Just to include why I'm asking: Lie-Pseudo-groups are determined by an involutive system and their Lie-algebroids by its linearization. If the answer to the question is positive, then since the linearized equation has the same symbol module (at the identity) it also is locally solvable. I have not been able to find this (possible) fact in the literature.
edit: I changed the title of the question as it was pretty bad.
 A: If I understand correctly, you're asking if a nonlinear system of PDE's is involutive, then is the corresponding linearized system also involutive? The answer is yes, but I'm not sure that it's obvious. It is true, as you say, that the symbol, which is the same for both systems, is involutive. However, involutivity also requires conditions on the lower order terms, and these need to be checked.
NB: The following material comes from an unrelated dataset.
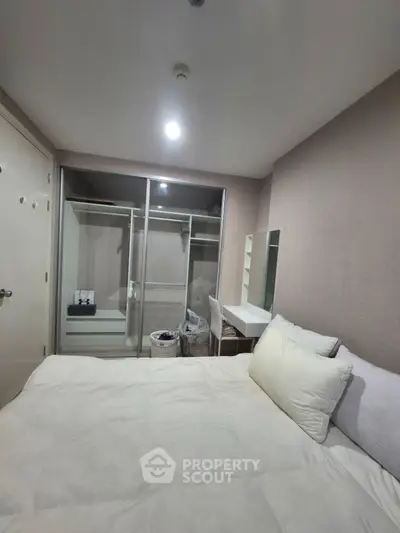 Modern bedroom with built-in wardrobe and cozy decor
I believe (but am not sure) that this is demonstrated in my monograph "Involutive Hyperbolic Differential Systems" for quasilinear systems.
ADDED: Here's an argument that the homogeneous linearized equation is involutive: Let
$$
\Phi(x, u, \partial u) = 0
$$
be a first order involutive system of PDE's. (If the PDE's are higher order, you can always rewrite the system as a first order one)
Given an involutive symbol, you can count the dimension of the space of formal second order solutions there are. In terms of Cartan characters $s_1, \dots, s_n$ (where $n$ is the number of independent variables), it's given by $s_1 + 2s_2 + \cdots ns_n$.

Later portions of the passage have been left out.